Record excerpts:
>>>>>

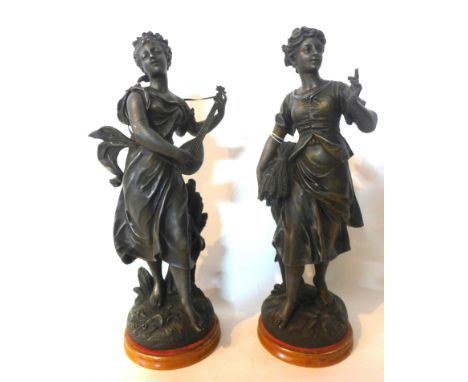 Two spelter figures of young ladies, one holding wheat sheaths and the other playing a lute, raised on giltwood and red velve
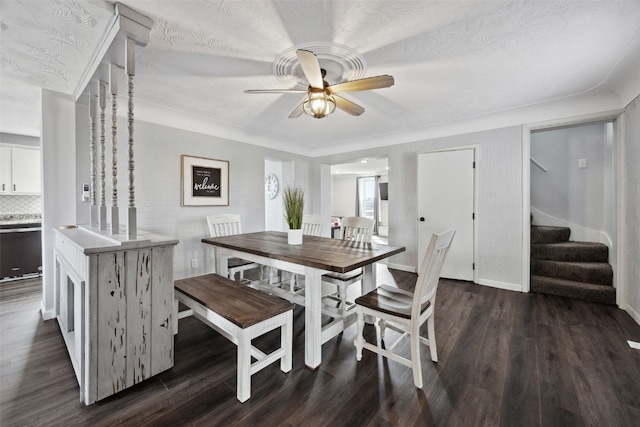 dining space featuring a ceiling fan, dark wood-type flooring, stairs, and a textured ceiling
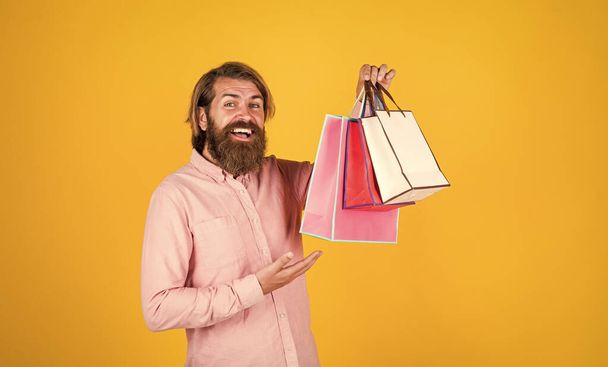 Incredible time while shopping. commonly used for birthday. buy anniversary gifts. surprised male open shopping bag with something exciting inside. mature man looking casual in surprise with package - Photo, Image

<<<<<
>>>>>

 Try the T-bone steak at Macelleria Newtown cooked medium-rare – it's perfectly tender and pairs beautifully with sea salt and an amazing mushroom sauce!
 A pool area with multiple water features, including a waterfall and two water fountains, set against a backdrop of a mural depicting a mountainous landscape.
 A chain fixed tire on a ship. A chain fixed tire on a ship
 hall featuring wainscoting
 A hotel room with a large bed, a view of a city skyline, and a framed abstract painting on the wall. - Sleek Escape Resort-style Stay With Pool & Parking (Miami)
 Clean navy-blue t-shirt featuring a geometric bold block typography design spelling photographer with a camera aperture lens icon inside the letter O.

<<<<<

Task brief: Would you please write out, exactly and with no other lines, the stretch of the listing above from the line containing "A pool area" through the line containing "Clean navy-blue t-shirt"?

Solution to the exercise:
 A pool area with multiple water features, including a waterfall and two water fountains, set against a backdrop of a mural depicting a mountainous landscape.
 A chain fixed tire on a ship. A chain fixed tire on a ship
 hall featuring wainscoting
 A hotel room with a large bed, a view of a city skyline, and a framed abstract painting on the wall. - Sleek Escape Resort-style Stay With Pool & Parking (Miami)
 Clean navy-blue t-shirt featuring a geometric bold block typography design spelling photographer with a camera aperture lens icon inside the letter O.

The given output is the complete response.